鈴木が四回に決勝の2点タイムリー。18歳の新人が華々しくデビューした(撮影・渋井君夫) (日本生命セ・パ交流戦、ソフトバンク3-9ヤクルト、2回戦、1勝1敗、12日、みずほペイペイ)燕に新星現る!! ヤクルトは12日、「日本生命セ・パ交流戦」のソフトバンク2回戦(みずほペイペイ)に逆転勝利した。前日11日にプロ初昇格を果たしたドラフト4位・鈴木叶捕手(18)=常葉大菊川高=が「8番・捕手」で先発マスクをかぶってプロ初出場。球団の高卒新人捕手の先発出場は70年ぶり2人目。打っては1―1の四回2死満塁で決勝の左前2点打を含む2安打2打点。守っては今季初登板の山野太一投手(25)を好リードして今季初勝利に導いた。

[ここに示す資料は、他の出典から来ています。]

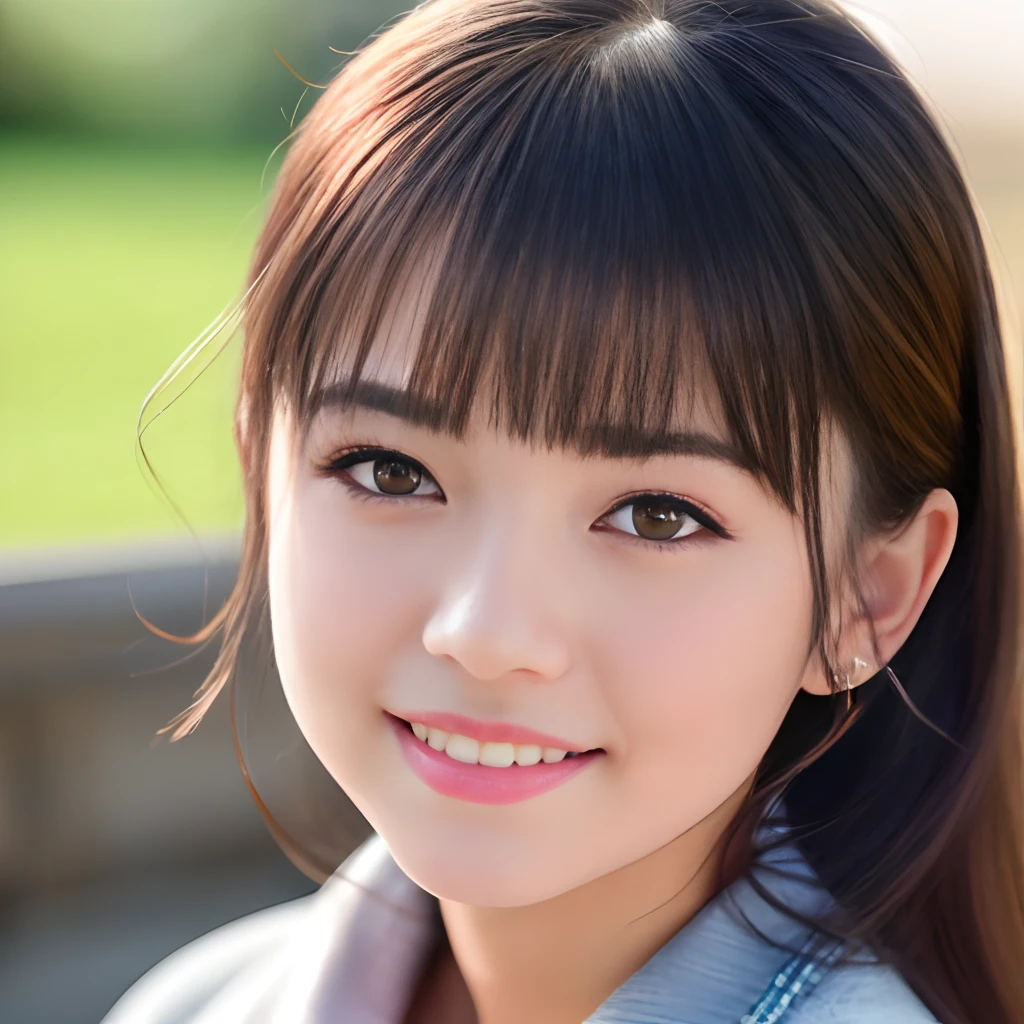 Looking at the audience, light makeup, realism, realistic photos, professional color correction, 8K, F2.4 aperture, 35mm lens, realistic real face, only the face area is included, smile, 18 years old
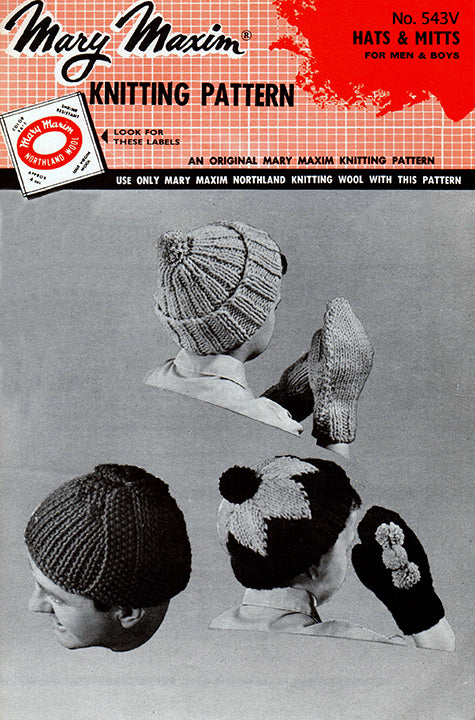 Modèle de chapeau et de mitaines pour hommes et garçons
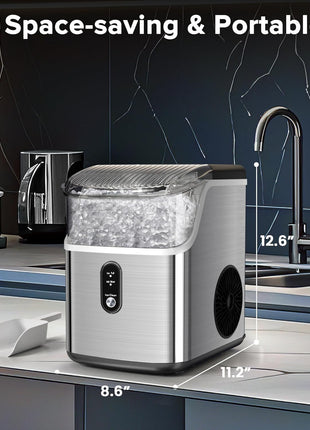 Nugget Ice Maker Countertop,34lbs/24H Portable Ice Machine with Crushed Ice | Self-Cleaning, One-Click Operation for Home, Kitchen, Office Use, Silver
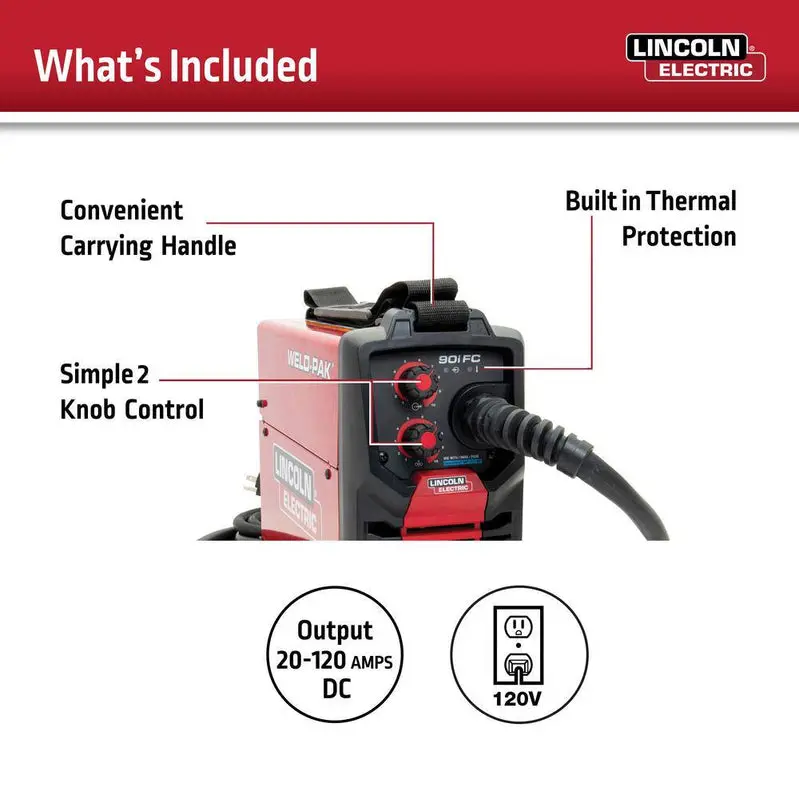 Lincoln Electric K5255-1 WELD-PAK 90i FC Welder – Compact Flux-Cored Unit Requiring No External Shielding Gas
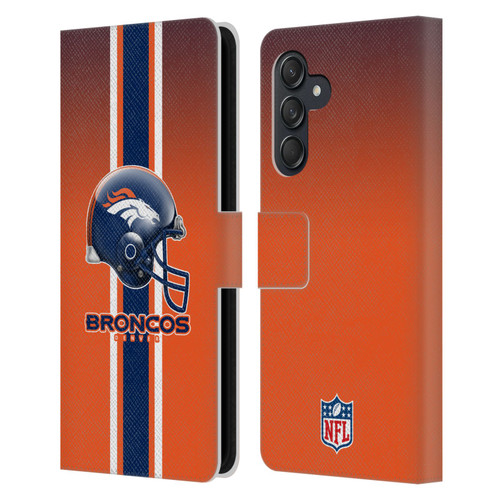 NFL Denver Broncos Logo Helmet Leather Book Wallet Case Cover For Samsung Galaxy M55 5G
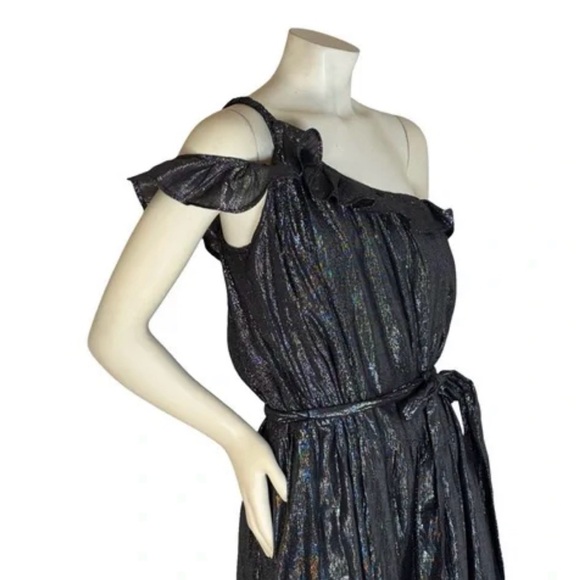 Maeve Metallic Silver Black One Shoulder Tiered Midi Dress Size L Anthropologie - Picture 7 of 8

屈託のない笑顔が、18歳の喜びを表していた。新人のD4位・鈴木がプロ初出場で先発マスクをかぶり、2安打2打点の鮮烈デビュー。ヒーローインタビューでは声を震わせながら、「すごくうろしい…、うれしいです」といきなりかんで初々しさを見せた。
異例の抜擢(ばってき)だ。球場に着いてからスタメンを言い渡されると「ビックリした。全力プレーをすること、できることをやろうと思っていた」と覚悟を決めた。ヤクルトの高卒新人捕手の先発出場は1954年の阿井利治以来70年ぶり2人目。18歳2カ月での初先発出場はセ・リーグの捕手では、62年の大洋・松原誠の18歳3カ月を抜く最年少記録となった。
マスクをかぶった姿は、18歳とは思えないほど落ち着いていた。2軍でバッテリーを組んできた山野を好リード。7回1失点で今季初勝利に導き「ファームでしつこく衣川コーチに教えてもらったことを生かせた」と感謝した。